Car ô joie, les textes de Thomas sont beaucoup moins tartes sur cet album que sur les précédents. La rage qui sous-tend la majorité des compos est neaucoup plus repésentée que ses sempiternelles variations sur le thème des relations humaines douloureuses. On n'y échappe malheureusement pas complètement : il reste la très calme "Vivre à nouveau", pensée pour être poignante mais surtout pénible... mais le reste des compos traite beaucoup plus des choses qui le fâchent que de celles qui le rendent malheureux, et c'est ce qui lui convient le mieux. Toutes les chansons up-tempo de cet album se hissent sans problème au statut de gros tubes de métal truffé d'ambiances, les moments les plus faibles étant les quelques plans où AqMe sonne exactement comme avant. Les riffs directs de "Noël Noir" pourraient être issus d'une compo de La Fin des Temps, et se révèlent beaucoup moins intéressants que tous ceux où Julien laisse sa personnalité s'exprimer franchement. Idem pour Étienne qui se révèle beaucoup plus percutant quand il laisse parler la double pédale que quand il retombe dans les mid-tempos que le groupe nous a déjà servis cent fois. Le point d'orgue reste néanmoins "Le Chaos", compo-fleuve de plus de six minutes où le groupe nous assène une violence et une lourdeur doom lancinantes au possible. Un grand moment.

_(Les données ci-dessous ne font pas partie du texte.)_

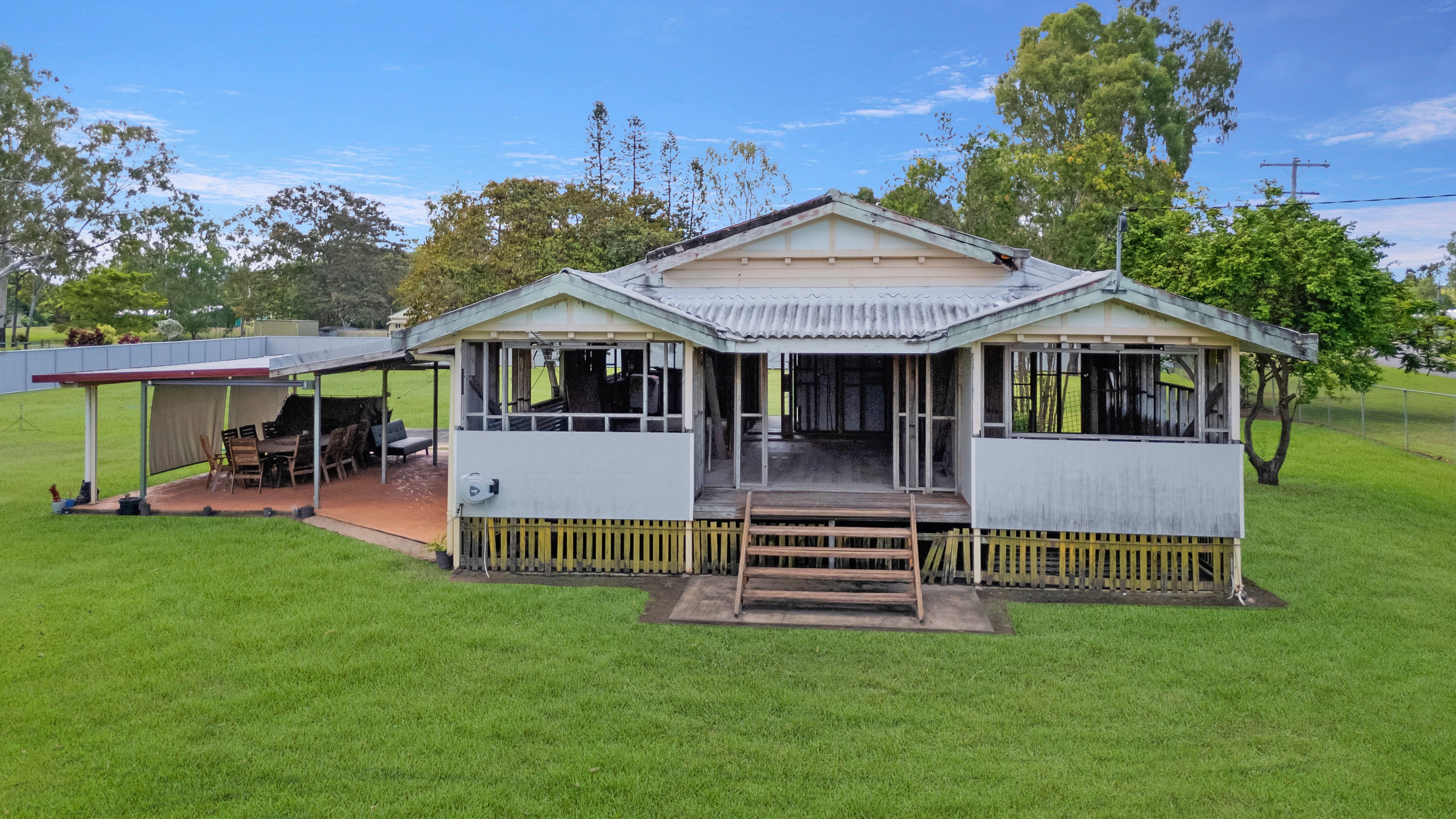 33 Rangewood Drive, Rangewood, QLD 4817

En l'Honneur de Jupiter est l'album qu'on n'attendait pas de la part d'AqME. L'aptitude du groupe à laisser leur nouveau membre prendre toute la place qu'il mérite est plus que respectable, et les quelques scories ne suffisent pas à entamer l'impression générale de franche réussite. On aurait pu prendre peur, et au lieu de ça on a l'impression qu'une nouvelle ère s'ouvre pour le mieux. Chapeau, vraiment.